03 julio 2009

Una revolución chimba

Cuando todavía está por dilucidarse si corren por América Latina aires de revolución, o más bien de regímenes autoritarios que, escudándose en una posible obra revolucionaria, se creen con el derecho de pasar por encima de cualquier obstáculo, así sea la Constitución y las leyes que una sociedad, a través de sus legítimos representantes, se ha dado, para llevar adelante eso que ellos han bautizado como revolución, vale la pena intentar analizar si lo que aquí está pasando puede considerarse una revolución.

Este es un intento difícil y lo es por lo ambiguo que no sólo el término, sino también el proceso resulta, sobre todo a la luz de la experiencia histórica del turbulento siglo XX. ¿Una revolución es, como la francesa en los turbulentos años finales del siglo XVIII, una destrucción radical de todo lo que había? ¿O es, más bien, la conclusión de una larga guerra civil como en el caso de China?

Creo que esa disyuntiva puede ser zanjada con una decisión tan radical como el proceso que intenta descifrar: una revolución es la construcción de una sociedad justa y libre, como sostuvo Hannah Arendt en su gran obra Sobre la Revolución. Para ella, en efecto, una revolución se hace para lograr la libertad de todos.
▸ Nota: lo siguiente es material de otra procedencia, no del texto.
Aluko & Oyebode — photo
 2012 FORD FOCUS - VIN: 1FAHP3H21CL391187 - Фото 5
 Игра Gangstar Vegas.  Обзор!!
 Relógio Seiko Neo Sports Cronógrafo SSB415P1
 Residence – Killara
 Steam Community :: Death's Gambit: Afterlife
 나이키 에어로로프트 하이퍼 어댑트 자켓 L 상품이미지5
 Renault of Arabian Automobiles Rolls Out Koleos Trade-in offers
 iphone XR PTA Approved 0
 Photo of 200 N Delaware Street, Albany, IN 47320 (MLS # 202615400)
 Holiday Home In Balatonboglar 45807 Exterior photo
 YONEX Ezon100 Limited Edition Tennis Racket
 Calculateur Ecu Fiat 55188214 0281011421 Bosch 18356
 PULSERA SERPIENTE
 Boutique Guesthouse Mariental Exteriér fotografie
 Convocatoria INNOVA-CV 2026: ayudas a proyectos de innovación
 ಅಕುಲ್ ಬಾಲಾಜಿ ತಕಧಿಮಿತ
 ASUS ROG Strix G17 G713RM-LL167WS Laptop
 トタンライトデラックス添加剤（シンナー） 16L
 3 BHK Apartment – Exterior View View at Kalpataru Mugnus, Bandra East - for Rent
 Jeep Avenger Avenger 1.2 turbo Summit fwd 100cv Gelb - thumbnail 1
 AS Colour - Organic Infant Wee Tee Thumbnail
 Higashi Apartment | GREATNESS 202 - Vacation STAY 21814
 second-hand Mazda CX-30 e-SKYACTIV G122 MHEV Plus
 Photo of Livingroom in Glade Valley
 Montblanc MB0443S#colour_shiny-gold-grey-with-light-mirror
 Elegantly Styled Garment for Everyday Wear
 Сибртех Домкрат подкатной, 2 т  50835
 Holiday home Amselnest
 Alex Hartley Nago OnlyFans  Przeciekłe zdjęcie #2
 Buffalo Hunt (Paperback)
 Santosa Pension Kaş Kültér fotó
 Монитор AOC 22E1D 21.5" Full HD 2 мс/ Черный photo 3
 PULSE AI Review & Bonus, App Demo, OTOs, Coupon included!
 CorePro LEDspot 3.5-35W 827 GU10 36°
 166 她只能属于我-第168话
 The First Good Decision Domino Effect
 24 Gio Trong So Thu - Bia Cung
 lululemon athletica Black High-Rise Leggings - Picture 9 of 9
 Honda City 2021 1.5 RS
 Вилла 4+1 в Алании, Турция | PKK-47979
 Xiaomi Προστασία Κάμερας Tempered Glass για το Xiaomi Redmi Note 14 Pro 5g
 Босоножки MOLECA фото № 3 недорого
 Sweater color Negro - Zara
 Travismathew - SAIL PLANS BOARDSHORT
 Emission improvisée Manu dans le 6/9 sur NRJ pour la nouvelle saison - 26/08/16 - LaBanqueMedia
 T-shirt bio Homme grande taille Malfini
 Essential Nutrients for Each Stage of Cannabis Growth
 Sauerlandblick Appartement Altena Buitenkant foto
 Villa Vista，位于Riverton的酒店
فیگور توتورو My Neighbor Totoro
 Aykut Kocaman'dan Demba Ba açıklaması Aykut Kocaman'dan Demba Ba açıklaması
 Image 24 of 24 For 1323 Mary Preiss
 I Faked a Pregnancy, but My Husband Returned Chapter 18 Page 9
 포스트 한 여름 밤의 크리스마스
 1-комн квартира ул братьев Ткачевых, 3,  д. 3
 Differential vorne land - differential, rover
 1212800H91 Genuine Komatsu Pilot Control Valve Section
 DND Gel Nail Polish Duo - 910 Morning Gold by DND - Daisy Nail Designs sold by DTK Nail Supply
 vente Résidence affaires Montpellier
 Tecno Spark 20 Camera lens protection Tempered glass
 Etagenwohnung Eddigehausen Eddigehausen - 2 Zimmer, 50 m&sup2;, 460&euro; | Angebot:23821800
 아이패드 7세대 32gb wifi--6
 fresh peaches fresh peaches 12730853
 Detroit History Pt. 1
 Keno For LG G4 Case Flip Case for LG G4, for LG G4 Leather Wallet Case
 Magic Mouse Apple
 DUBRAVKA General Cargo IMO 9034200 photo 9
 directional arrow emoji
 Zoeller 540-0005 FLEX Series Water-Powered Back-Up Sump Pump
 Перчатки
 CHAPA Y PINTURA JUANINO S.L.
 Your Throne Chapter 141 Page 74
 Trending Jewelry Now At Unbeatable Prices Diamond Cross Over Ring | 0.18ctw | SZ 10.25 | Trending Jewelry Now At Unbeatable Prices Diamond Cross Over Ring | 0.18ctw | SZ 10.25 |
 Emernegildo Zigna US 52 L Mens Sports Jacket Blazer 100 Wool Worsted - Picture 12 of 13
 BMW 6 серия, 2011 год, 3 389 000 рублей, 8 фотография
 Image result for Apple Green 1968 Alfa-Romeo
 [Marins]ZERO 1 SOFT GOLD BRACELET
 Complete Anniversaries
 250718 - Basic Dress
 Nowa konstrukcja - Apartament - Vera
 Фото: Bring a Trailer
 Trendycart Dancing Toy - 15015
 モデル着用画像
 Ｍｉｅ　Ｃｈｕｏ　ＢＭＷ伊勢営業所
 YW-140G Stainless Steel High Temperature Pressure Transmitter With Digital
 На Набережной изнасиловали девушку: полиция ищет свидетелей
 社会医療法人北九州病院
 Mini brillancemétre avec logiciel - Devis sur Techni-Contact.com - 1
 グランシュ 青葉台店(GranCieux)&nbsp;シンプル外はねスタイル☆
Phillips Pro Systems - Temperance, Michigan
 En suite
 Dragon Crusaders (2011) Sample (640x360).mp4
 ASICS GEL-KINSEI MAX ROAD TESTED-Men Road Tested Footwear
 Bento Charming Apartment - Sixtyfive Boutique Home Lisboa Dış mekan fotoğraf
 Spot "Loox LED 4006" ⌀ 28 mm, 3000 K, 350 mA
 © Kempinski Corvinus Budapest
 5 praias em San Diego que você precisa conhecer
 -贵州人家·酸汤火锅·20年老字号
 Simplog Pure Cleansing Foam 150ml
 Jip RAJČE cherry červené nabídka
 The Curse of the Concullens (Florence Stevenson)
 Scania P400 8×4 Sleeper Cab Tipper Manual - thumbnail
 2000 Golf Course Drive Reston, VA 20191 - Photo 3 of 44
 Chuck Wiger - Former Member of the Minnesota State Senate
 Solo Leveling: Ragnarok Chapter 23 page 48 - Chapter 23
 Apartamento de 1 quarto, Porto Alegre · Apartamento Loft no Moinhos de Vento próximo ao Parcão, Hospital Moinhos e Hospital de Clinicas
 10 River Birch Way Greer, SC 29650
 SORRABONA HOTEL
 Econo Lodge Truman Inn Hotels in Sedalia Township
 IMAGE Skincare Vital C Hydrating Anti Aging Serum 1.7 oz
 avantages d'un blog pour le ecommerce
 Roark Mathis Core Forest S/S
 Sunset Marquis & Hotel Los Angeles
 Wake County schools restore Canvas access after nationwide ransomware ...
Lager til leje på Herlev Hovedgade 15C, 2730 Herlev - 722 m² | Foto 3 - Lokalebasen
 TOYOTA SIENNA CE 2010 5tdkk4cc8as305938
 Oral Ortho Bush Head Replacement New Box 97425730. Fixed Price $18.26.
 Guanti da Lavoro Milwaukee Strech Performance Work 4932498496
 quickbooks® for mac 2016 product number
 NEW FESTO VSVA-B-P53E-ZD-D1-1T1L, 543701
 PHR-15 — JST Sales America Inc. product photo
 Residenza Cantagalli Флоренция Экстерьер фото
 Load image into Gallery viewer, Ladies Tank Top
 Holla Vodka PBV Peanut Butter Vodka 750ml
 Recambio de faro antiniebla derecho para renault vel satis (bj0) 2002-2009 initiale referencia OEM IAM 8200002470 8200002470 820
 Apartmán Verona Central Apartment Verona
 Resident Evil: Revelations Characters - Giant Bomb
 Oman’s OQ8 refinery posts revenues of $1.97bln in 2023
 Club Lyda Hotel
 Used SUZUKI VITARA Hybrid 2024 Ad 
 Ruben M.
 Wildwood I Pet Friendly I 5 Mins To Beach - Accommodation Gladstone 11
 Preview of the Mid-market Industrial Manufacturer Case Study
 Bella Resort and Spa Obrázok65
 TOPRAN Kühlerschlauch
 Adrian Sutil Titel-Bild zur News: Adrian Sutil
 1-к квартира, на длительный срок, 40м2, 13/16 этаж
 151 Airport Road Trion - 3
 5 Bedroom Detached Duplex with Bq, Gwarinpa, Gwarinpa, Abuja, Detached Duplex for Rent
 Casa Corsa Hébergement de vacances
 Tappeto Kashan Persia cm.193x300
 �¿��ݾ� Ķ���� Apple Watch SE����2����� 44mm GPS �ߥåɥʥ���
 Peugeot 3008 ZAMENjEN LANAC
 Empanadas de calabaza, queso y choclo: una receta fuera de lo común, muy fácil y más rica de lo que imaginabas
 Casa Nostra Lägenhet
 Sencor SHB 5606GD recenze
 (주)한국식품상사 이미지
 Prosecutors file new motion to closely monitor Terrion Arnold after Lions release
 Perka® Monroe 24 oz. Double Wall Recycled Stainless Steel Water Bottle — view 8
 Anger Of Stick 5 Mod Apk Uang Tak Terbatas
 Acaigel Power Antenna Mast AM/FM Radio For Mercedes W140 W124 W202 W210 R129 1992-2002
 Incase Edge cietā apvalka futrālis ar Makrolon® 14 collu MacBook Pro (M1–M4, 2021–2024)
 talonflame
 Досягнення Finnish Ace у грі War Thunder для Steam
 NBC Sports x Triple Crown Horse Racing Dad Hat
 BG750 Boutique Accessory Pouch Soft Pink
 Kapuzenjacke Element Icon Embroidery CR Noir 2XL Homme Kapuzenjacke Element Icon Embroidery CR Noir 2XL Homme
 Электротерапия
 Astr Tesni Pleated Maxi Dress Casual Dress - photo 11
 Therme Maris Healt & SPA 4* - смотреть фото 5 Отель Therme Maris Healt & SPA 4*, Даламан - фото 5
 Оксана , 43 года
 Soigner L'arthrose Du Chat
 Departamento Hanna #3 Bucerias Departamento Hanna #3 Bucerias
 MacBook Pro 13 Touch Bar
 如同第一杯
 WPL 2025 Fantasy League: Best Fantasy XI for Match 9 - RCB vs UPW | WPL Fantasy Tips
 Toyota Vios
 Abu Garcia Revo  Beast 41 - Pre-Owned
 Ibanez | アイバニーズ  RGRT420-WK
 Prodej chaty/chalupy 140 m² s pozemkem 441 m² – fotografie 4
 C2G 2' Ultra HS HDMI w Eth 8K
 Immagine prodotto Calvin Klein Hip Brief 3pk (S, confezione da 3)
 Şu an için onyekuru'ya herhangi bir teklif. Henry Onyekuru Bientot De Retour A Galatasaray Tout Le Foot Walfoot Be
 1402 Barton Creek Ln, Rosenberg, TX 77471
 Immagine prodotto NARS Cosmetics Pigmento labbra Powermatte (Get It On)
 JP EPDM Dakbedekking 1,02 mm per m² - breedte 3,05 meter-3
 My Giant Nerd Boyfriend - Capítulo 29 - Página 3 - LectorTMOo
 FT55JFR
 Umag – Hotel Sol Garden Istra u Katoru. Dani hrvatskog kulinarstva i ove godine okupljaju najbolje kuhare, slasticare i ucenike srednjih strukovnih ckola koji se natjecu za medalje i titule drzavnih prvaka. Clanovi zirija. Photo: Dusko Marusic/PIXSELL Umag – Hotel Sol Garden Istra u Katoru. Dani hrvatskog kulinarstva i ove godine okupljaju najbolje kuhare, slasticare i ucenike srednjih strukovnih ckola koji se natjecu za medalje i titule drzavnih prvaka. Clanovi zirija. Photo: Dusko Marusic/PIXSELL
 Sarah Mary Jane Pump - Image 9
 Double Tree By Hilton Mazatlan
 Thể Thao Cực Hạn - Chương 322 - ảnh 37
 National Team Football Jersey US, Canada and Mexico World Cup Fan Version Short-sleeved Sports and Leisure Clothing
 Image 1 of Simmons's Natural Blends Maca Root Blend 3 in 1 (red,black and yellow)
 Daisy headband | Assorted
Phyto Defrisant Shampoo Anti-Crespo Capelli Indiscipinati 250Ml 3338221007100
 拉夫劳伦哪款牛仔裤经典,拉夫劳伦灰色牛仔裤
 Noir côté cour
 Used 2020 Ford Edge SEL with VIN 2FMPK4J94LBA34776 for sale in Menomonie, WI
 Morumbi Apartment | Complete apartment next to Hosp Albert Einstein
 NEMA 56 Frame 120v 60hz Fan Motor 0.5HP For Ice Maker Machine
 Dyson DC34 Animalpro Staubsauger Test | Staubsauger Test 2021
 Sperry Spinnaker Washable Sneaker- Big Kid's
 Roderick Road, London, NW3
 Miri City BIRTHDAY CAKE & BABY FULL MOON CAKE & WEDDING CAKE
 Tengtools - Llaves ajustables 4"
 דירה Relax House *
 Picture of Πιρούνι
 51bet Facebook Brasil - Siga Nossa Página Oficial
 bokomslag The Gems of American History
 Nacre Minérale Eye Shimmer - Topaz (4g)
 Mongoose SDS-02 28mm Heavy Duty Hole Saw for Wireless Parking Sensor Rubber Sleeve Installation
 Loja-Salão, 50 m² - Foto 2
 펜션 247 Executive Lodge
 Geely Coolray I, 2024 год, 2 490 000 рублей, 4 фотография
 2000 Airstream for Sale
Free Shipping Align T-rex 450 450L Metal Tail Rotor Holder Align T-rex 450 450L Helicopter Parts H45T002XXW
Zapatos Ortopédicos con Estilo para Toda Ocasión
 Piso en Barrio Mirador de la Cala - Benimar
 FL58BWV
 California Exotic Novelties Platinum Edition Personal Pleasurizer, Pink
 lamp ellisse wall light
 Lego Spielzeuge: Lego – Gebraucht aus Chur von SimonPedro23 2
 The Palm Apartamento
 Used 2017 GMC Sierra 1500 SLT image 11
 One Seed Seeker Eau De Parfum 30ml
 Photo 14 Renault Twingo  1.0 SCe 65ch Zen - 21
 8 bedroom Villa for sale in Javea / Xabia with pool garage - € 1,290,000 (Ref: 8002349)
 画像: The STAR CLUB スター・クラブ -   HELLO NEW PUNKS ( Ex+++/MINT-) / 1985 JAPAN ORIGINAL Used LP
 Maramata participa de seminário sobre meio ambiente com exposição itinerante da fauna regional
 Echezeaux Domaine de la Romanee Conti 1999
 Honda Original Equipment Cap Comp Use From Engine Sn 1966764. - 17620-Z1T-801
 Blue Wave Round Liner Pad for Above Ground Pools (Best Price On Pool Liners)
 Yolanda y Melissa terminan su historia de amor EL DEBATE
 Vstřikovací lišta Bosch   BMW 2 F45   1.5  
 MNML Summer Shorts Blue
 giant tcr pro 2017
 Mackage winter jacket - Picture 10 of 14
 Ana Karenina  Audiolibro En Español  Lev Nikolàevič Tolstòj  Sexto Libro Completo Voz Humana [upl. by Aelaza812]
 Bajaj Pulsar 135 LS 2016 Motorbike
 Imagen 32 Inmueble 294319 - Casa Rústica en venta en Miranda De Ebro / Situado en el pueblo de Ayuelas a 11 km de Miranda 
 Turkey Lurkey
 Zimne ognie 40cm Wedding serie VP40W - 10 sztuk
En estos tiempos, una revolución es aquella que garantiza la igualdad de condiciones para todos los miembros de una sociedad. Pero de qué condiciones estaríamos hablando; pues ni más ni menos de la que se refiere a que todos -insisto en "todos"- puedan ser provistos de las habilidades y los medios que les permitan una participación adecuada en la construcción de una sociedad próspera, en la que ellos serían tanto "constructores" como "beneficiarios". No creo que haya ninguna otra justificación para asumir los duros costos que implica llevar a cabo una revolución.

Una revolución no puede ser, entonces, una venganza sangrienta y colectiva de un sector de la sociedad contra otro sector. No puede asumir alegremente el riesgo de hundirse en la miseria, con tal de probar no sé qué principio de justicia revolucionaria, y algo quizá más grave: un gran escenario para cuanto experimento loco se quiera hacer con la vida de millones, millones que no dispondrán de otra para realizar las enmiendas requeridas.

Pero lo que históricamente resulta más importante para su realización es que una revolución requiere la voluntad y el deseo de llevarla a cabo, que pueda generar entusiasmo en las mayorías y colaboración de las capas más preparadas de una sociedad. No puede ser una "sorpresita" que un grupo de conjurados le tenía preparada a la mayoría de un país y luego, contra su voluntad, comenzar a hacer de las suyas para imponer lo que a todas luces pocos quieren.

Este fenómeno, más que muchas otras cosas, es el que ha hecho que el entusiasmo inicial se apague y aparezca, horrenda, la cara brutal de la revolución.

Ahora bien, supongamos que pasa lo que viene pasando en Venezuela: un hombre y los suyos, elegidos por una mayoría de un país que tiene unos marcos institucionales, decide que esa gente "votó" por algo que él y los suyos llaman socialismo, y que eso da pie para emprender una ruta que no parece generar entusiasmo sino tensión y temor en vastos sectores, sin los cuales no sólo no se puede llevar a cabo ese proceso de construcción de una sociedad justa, sino que a lo mejor ella tendría que reposar sobre la tiranía y el terror.

Pero el caso venezolano nos obliga a ponernos en una perspectiva muy singular: la del rentismo. Se supone que, beneficiado por una renta petrolera nunca vista hasta su llegada al poder, este supuesto grupo revolucionario podía haber producido, de entrada, un régimen de igualdad absoluta y de pleno disfrute de la prosperidad que esos recursos aseguraron durante 10 años. ¿Ha sido así?

No. En modo alguno. Se han destruido las instituciones, se ha liquidado el aparato productivo, y se ha puesto en severo riesgo la empresa que, justamente, garantizaba el rentismo social. Y mientras, la gente común, los supuestos beneficiarios de esta extraña revolución no han visto cumplida ni una sola de las cosas que tenían derecho a esperar de una revolución.

No ha mejorado su educación, no han mejorado sus posibilidades de gozar de un sistema de salud adecuado y a tiempo, se sienten, no sólo en las calles, sino en la intimidad de su hogar, más amenazados que nunca y no ven, por ningún lado, que eso, eso que es vital para él, le interese a los revolucionarios, a quienes tan bien pintó Barrera Tyszka este domingo.